(Scored out of ten; below 5 = not worth seeing, 6 = OK, 7 = good, 8 = great, 9 = fantastic, 10 = next to perfect)
TIFF 2015 has come and gone, and with it my very first festival experience. Unfortunately, that experience involved The Treasure, possibly the most monotonous film I have seen in my young movie-viewing career.
From the award winning mind of Corneliu Porumboiu comes a (unsuccessful) parable reflecting modern economic issues and the never-ending obsession with taking the easy way out. Costi lives a quiet life with his wife and son. One day while reading his son Robin Hood his neighbour pays him an unexpected visit. Adrian (the neighbor) has heard rumor that his late great grandfather buried pre-communist era treasure in the back yard of his family home. Offering to split the potential profit if Costi puts up the money for a metal detector, the family man quickly jumps on the opportunity to dig himself out of the financial crisis he finds himself in. They pair, followed by a slow-minded technician, venture out to the country home and begin their search for the treasure.
The premise is sound, rife with the potential for both drama and humor. Instead, Porumboiu churns out one of, if not the, most generic films in recent history. The opening scene implies a strong thematic core, take from the rich and pay it forward to the needy (classic Robin Hood). The movie soon forgets this message in favor of watching 3 men walk around a bland back yard and dig a hole. Dialogue is kept to a minimum and laughs are seldom found.
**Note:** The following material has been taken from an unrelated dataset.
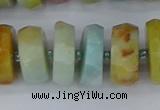CRB1365 15.5 inches 8*18mm faceted rondelle Chinese amazonite beads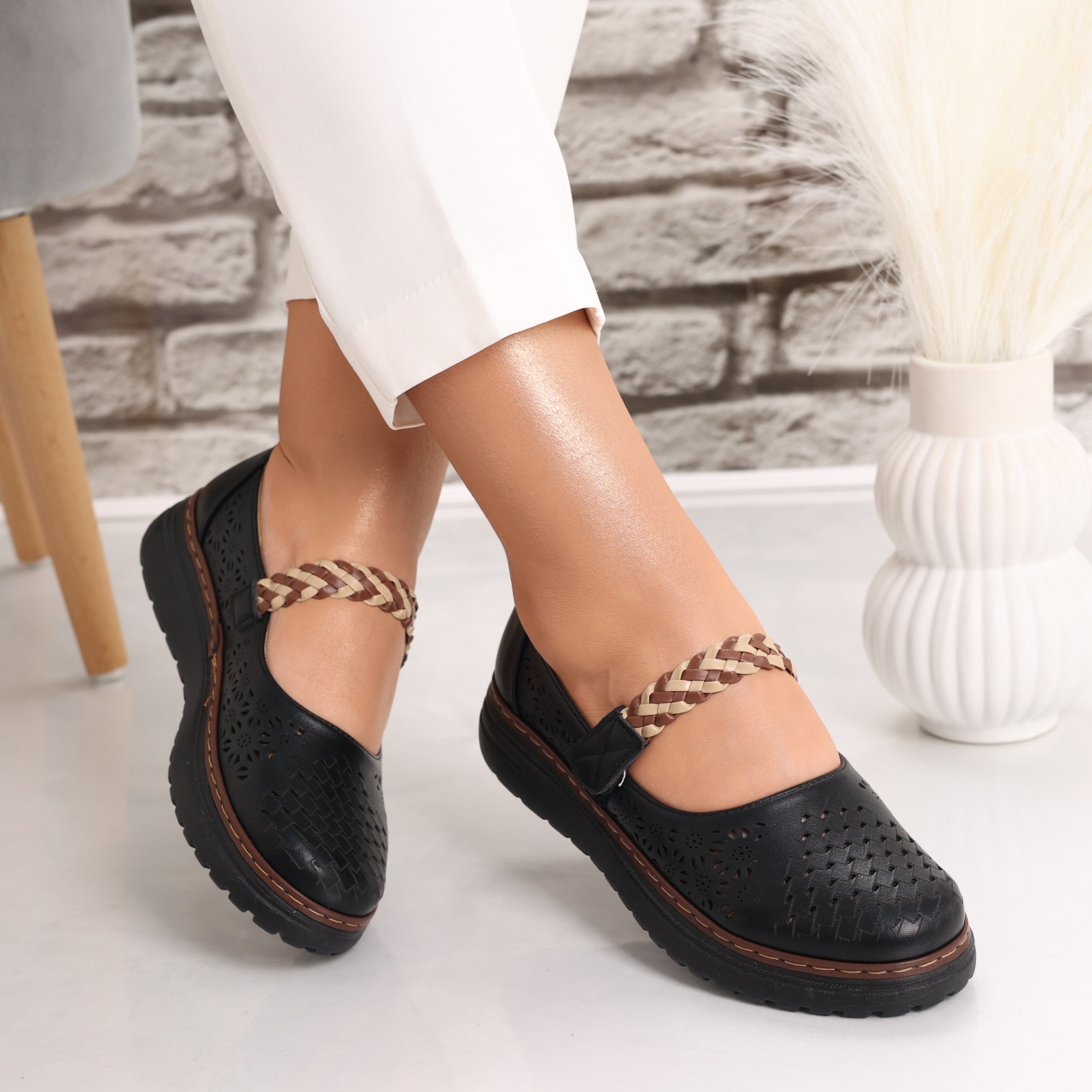 Pantofi dama casual Negri din Piele Ecologica Rimana - poza 3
The economic crisis the two men find themselves in is left unexplained, leaving audiences with a vague, “I have no money”. With little to go on in terms of background, it is up to the script and director to make us fall in love with the characters. Once again, there is nothing here. Costi and Adrian go back and forth asking each other generic questions about their family histories and how each of them are feeling about the “adventure” at any given time. It all makes for a boring film with very little hook aside from finding out what the treasure actually is.
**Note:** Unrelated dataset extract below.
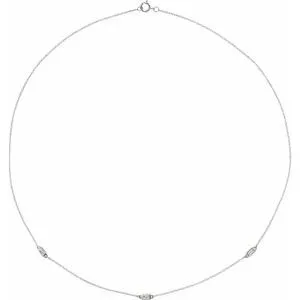 14K White 1/5 CTW Diamond 3-Station 18" Necklace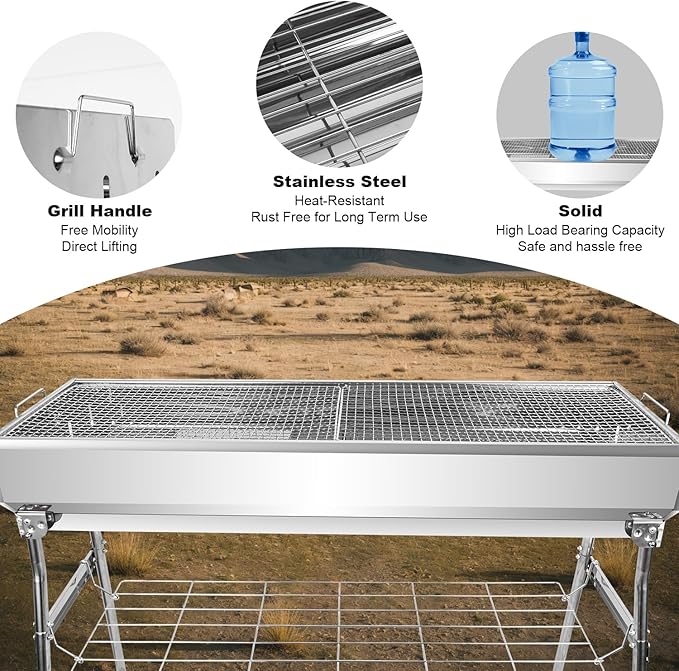 Portable Charcoal Grill, Foldable Stainless Steel Grill with Storage Shelf and non-slip feet - ideal for outdoor Kabob cooking, picnics and camping (lager)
When the grumpy technician joins Costi and Adrian at the house things get a tiny bit more interesting for a minute or so but soon devolve into the monotone back and forth that plagued the first 40 minutes of the feature. For a movie labeled as a comedy jokes are rarely even attempted. The funniest moment comes early on when Costi pretends to have an affair with his co-worker in order to get out of work for the day. It doesn’t lead to anything and was completely superfluous but it was the best moment of the movie (which goes to show you how little else happened throughout the hour and a half of sitting there).
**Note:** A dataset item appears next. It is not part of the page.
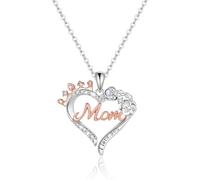 YV-cozx Mom Necklace for Women Rose Heart Necklace I Love You Mom Gifts Mother's Day Gifts Princess Mom Queen Crown Necklace Mom Jewelry Gifts for Grandmother Mom Wife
Looking past the dismal script and barely present acting, let’s talk conflict. There isn’t one. The trio move from one set to the next with nothing going on to keep audiences invested. The band of would be treasure hunters literally walk back and forth with a metal detector for 20 minutes… If this was an attempt at some sort of reverse absurdist humor, it didn’t work.
When Costi and Adrian finally stumble across the titular treasure the film comes to a swift end (one of the more positive aspects of the film). Both men walk away with over a million euros but as a last minute bit of advice, Adrian tells Costi to play dumb if someone were to question him about the cash… because the treasure kind of sort of belonged to his brother. Oops!
In a duct-taped attempt at tying the theme back into the film, Costi goes to the jewelry store and buys a ton of random trinkets to then give them to a group of children at the local park. The end.
The entire film came off amateurish, like a first time writer and director got together for a school project. And if this was actually the case most could be forgiven. Given the fact that The Treasure is the work of a veteran director with a number of critics choice awards (Romania) makes the fact that this was such a disappointment even worse.
If The Treasure ever does find its way back on to our shores don’t watch it.